To explain how this works, consider the following expression from the previous section:

image dataurl={asset 3cb3ec3a-84d7-48fa-8709-274ad5cc9e0b}

If you look at the docs for the image function, you’ll see that it accepts the null data type and returns an image data type. Accepting null effectively means that it does not use context at all, so if you insert anything to image, the value that was produced previously will be ignored. When the function executes, it will produce an image output, which is simply an object of type image that contains the information required to render an image.

The function does not render an image itself.

As explained in the "Fetch and manipulate data" section, the output of an expression is just data. So the image type here is just a specific shape of data, not an actual image.

Next, let’s take a look at the asset function. Like image, it accepts null, but it returns something different, a string in this case. Because asset will produce a string, its output can be used as the input for any function or argument that accepts a string.

Looking at the docs for the dataurl argument, its type is string, meaning it will accept any kind of string. There are some rules about the value of the string that the function itself enforces, but as far as the interpreter is concerned, that expression is valid because the argument accepts a string and the output of asset is a string.

The interpreter also attempts to cast some input types into others, which allows you to use a string input even when the function or argument calls for a number. Keep in mind that it’s not able to convert any string value, but if the string is a number, it can easily be cast into a number type. Take the following expression for example:

string "0.4"
| revealImage image={asset asset-06511b39-ec44-408a-a5f3-abe2da44a426}

If you check the docs for the revealImage function, you’ll see that it accepts a number but the string function returns a string type. In this case, because the string value is a number, it can be converted into a number type and used without you having to do anything else.
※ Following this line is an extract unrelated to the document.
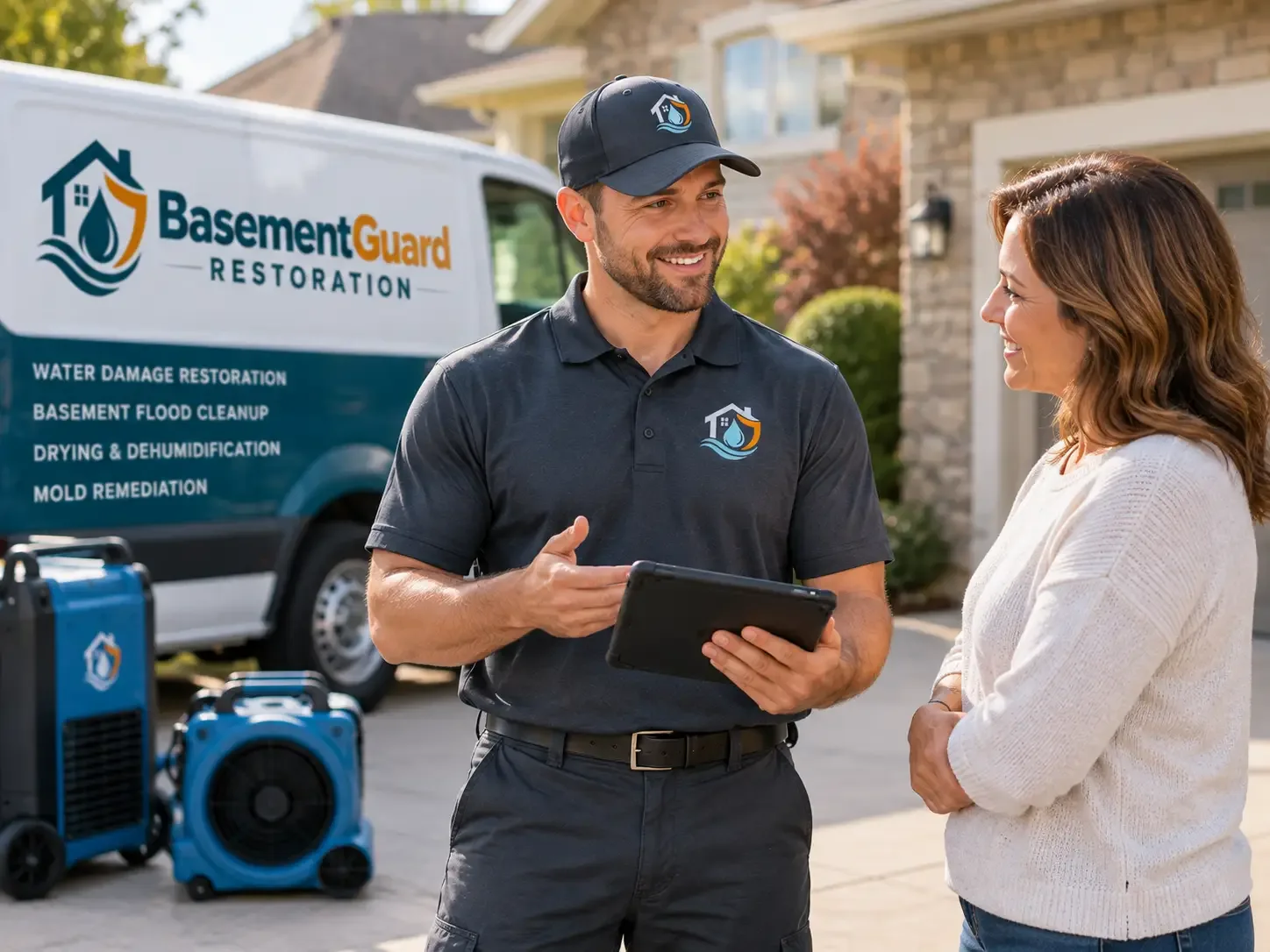 Basement Water Damage Restoration Lake Ann, MI FAQs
Most primitive types can be converted automatically, as you might expect. You just saw that a string can be cast into a number, but you can also pretty easily cast things into boolean too, and you can cast anything to null.

There are other useful type casting options available. For example, something of type datatable can be cast to a type pointseries simply by only preserving specific columns from the data (namely x, y, size, color, and text). This allows you to treat your source data, which is generally of type datatable, like a pointseries type simply by convention.

You can fetch data from Elasticsearch using essql, which allows you to aggregate the data, provide a custom name for the value, and insert that data directly to another function that only accepts pointseries even though essql will output a datatable type. This makes the following example expression valid:

essql "SELECT user AS x, sum(cost) AS y FROM index GROUP BY user"
| plot

In the docs you can see that essql returns a datatable type, but plot expects a pointseries context. This works because the datatable output will have the columns x and y as a result of using AS in the sql statement to name them. Because the data follows the convention of the pointseries data type, casting it into pointseries is possible, and it can be passed directly to plot as a result.